» **Problem requirements**: Write out the lines below exactly, beginning at the one with "Dog Nail Grinder" and stopping after the one with "1G1ZT54855F318155 - 2005"; the pictures are not copied.

» **Data supplied**:
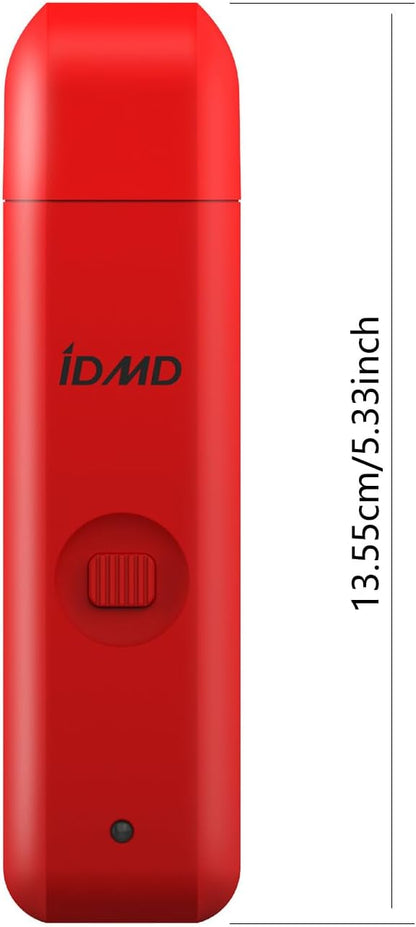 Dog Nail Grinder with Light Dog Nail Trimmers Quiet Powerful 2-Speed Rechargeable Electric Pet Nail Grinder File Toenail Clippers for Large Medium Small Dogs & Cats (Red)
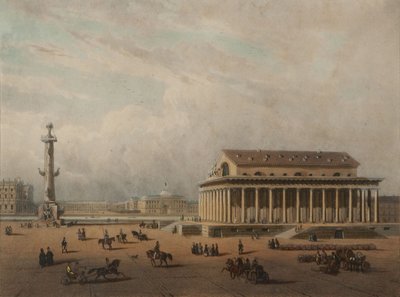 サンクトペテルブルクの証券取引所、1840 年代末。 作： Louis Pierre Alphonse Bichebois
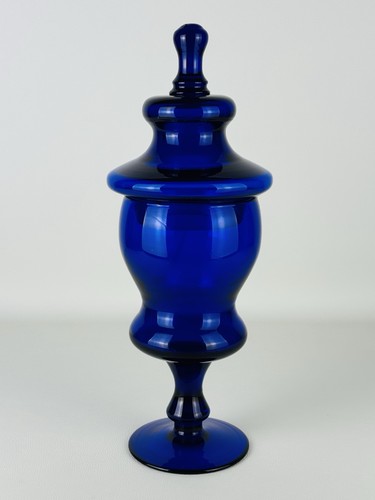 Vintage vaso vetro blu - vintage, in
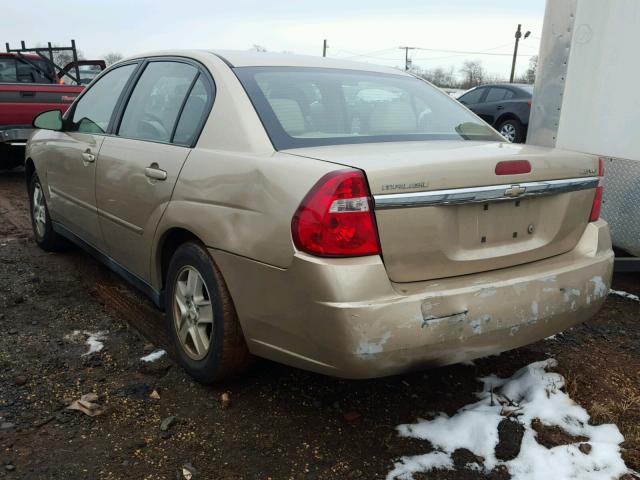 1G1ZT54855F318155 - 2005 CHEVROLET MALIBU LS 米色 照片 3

...

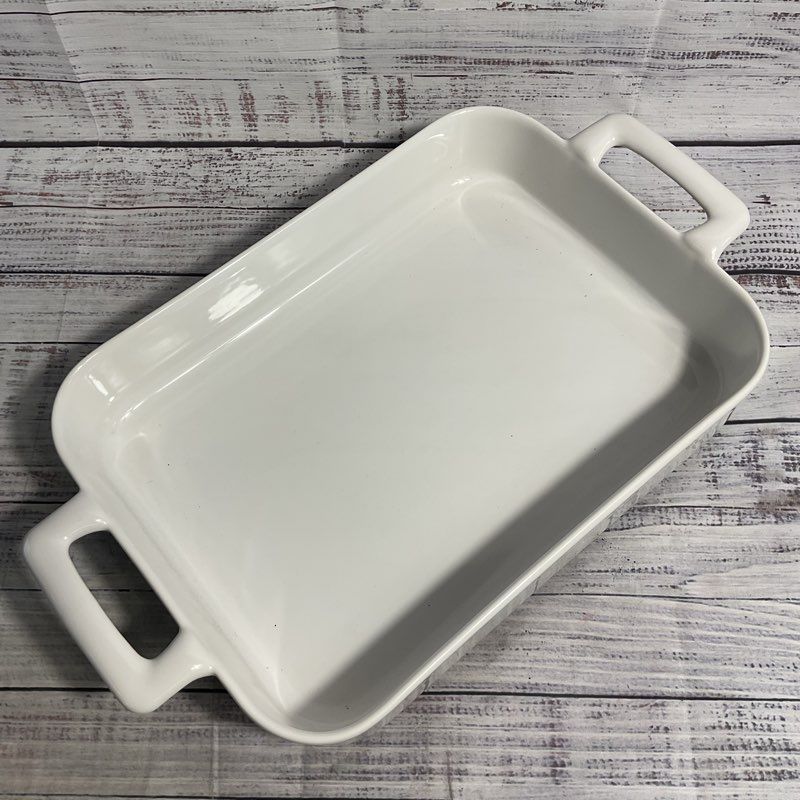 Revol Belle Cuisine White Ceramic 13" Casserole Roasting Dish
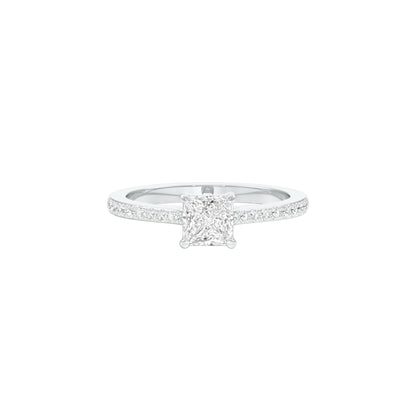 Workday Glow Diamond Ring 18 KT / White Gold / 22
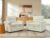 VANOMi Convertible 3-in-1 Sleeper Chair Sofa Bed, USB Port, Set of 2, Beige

* * *

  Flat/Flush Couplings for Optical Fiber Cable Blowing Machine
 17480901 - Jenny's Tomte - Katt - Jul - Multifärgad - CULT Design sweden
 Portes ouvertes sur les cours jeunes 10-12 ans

» **Task solution**:
 Dog Nail Grinder with Light Dog Nail Trimmers Quiet Powerful 2-Speed Rechargeable Electric Pet Nail Grinder File Toenail Clippers for Large Medium Small Dogs & Cats (Red)
 サンクトペテルブルクの証券取引所、1840 年代末。 作： Louis Pierre Alphonse Bichebois
 Vintage vaso vetro blu - vintage, in
 1G1ZT54855F318155 - 2005 CHEVROLET MALIBU LS 米色 照片 3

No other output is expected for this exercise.